● Records supplied
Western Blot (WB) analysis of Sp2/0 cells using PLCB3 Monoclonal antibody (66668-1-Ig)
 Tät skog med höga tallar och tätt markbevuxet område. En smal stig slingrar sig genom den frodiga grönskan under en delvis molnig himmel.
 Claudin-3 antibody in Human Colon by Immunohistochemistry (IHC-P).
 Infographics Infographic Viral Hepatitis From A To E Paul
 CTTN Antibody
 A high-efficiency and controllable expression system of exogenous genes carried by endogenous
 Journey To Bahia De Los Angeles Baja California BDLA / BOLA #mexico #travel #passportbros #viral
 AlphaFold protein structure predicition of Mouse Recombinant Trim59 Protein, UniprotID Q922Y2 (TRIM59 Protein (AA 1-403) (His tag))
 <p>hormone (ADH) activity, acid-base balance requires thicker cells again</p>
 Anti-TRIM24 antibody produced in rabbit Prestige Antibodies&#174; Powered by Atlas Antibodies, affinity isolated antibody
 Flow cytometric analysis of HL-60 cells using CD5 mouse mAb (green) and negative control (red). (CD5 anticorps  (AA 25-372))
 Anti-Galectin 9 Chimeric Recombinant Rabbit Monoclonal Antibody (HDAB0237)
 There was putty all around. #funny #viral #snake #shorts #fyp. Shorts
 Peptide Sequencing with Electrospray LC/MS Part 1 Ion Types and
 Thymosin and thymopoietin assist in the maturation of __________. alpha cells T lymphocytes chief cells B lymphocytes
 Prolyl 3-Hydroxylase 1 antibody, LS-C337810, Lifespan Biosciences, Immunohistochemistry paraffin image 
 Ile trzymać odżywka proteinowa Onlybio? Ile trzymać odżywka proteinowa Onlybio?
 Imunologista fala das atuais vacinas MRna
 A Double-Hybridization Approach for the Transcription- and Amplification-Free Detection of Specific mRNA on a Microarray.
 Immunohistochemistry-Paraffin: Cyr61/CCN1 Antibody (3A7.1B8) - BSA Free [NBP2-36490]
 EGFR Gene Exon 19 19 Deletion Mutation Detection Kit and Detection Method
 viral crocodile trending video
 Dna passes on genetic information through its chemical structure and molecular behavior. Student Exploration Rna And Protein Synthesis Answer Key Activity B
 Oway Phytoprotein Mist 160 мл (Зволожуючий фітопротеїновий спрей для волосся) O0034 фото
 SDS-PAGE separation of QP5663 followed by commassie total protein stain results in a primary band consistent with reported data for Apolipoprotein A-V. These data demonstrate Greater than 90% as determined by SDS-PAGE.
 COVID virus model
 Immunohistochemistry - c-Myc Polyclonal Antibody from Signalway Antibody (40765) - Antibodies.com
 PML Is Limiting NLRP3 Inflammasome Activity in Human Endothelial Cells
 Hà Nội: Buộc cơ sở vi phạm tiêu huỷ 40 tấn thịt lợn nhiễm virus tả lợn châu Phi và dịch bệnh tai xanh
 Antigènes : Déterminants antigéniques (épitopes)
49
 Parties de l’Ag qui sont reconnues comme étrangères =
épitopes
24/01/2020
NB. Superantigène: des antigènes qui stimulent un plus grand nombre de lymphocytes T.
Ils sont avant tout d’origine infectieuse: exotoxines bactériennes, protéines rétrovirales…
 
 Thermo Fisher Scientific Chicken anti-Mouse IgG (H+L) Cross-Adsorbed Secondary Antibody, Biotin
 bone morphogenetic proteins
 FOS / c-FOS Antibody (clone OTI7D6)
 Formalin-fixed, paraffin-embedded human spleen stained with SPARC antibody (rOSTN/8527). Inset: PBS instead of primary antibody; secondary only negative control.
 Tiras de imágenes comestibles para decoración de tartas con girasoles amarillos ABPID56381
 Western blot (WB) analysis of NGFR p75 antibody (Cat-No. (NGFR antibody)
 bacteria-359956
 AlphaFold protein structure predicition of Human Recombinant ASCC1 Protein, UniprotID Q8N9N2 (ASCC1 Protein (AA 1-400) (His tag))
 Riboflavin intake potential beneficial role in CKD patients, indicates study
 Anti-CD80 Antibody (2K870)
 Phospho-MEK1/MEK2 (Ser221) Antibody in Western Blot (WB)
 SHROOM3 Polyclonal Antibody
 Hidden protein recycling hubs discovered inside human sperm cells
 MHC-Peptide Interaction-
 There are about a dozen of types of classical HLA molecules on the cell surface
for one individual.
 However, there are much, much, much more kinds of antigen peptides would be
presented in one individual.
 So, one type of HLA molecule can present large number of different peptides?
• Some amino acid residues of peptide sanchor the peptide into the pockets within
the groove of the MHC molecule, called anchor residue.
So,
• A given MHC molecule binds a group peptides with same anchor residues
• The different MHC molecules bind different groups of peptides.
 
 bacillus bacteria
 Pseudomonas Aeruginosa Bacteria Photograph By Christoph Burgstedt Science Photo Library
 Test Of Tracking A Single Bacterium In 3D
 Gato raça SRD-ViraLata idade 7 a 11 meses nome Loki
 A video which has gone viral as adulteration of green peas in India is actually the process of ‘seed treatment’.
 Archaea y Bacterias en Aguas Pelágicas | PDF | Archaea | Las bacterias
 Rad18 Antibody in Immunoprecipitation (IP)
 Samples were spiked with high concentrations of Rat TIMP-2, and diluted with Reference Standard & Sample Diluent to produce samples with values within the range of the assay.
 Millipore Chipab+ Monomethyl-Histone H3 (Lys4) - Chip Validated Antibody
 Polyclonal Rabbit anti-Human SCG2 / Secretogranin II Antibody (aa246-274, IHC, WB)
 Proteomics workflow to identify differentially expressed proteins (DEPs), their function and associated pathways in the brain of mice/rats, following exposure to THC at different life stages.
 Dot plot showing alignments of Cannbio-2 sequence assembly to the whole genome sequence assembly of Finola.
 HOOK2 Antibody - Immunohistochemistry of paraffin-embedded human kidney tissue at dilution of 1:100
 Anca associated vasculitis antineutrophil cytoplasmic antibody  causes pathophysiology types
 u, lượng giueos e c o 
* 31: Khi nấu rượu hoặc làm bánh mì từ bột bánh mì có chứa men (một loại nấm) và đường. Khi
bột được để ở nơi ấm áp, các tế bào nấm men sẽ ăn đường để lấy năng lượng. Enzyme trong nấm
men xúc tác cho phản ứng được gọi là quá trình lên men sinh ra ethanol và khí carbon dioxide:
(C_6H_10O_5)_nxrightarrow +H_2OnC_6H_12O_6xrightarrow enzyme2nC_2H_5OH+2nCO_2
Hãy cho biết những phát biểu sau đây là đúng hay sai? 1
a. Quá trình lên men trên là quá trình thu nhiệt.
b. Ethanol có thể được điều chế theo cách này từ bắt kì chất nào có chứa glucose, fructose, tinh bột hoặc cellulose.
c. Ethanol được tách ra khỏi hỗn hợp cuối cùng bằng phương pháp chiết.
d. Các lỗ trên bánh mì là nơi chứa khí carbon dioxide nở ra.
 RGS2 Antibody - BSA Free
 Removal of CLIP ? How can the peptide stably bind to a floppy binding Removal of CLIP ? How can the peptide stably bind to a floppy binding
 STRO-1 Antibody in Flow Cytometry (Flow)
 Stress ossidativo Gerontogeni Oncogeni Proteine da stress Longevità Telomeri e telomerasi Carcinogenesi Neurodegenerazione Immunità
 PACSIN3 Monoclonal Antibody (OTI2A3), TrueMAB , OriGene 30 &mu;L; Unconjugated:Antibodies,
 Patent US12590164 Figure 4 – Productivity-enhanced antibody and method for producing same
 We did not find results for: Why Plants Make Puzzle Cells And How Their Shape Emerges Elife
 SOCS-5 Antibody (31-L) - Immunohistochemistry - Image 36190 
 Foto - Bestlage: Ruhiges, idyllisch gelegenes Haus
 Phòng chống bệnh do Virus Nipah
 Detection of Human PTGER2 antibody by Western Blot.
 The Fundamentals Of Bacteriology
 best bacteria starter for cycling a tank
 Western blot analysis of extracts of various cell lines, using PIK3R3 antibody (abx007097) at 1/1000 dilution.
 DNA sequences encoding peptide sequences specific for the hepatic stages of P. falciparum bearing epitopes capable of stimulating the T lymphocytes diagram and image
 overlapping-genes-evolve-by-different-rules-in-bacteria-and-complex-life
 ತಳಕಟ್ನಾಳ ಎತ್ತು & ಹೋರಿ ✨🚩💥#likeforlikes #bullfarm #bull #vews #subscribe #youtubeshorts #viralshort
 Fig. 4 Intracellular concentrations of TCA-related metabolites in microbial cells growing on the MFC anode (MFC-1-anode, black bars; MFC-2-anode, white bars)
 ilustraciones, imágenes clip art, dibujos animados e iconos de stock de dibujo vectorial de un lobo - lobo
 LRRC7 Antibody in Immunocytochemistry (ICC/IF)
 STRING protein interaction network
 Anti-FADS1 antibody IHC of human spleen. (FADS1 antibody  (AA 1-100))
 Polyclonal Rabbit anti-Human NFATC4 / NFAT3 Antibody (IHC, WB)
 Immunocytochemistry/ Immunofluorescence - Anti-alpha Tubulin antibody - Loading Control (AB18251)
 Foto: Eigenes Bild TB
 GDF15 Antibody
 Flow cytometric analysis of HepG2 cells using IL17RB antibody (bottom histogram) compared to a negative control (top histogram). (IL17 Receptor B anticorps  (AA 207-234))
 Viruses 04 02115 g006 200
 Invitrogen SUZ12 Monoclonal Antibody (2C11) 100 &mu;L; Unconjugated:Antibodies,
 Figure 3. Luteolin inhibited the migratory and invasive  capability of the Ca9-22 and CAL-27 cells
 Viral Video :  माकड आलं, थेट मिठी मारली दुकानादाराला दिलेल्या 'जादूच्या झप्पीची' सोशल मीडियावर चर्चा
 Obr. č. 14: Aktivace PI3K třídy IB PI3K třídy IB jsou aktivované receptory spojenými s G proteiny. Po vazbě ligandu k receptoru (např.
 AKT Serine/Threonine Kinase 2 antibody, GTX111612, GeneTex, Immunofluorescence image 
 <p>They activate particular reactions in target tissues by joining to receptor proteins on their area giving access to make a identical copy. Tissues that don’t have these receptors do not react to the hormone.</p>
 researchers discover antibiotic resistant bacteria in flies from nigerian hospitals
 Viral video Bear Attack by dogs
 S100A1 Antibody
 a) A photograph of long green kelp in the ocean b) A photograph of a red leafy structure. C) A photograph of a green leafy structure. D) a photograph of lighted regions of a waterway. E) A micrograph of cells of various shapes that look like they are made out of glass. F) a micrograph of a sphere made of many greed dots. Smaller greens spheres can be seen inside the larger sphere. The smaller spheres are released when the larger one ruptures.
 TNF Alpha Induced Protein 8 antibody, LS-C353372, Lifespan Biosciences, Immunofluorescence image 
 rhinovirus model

● Action item
Across the data above, count the lines that include the word "carbon", and respond with the number alone.

● Exercise result
2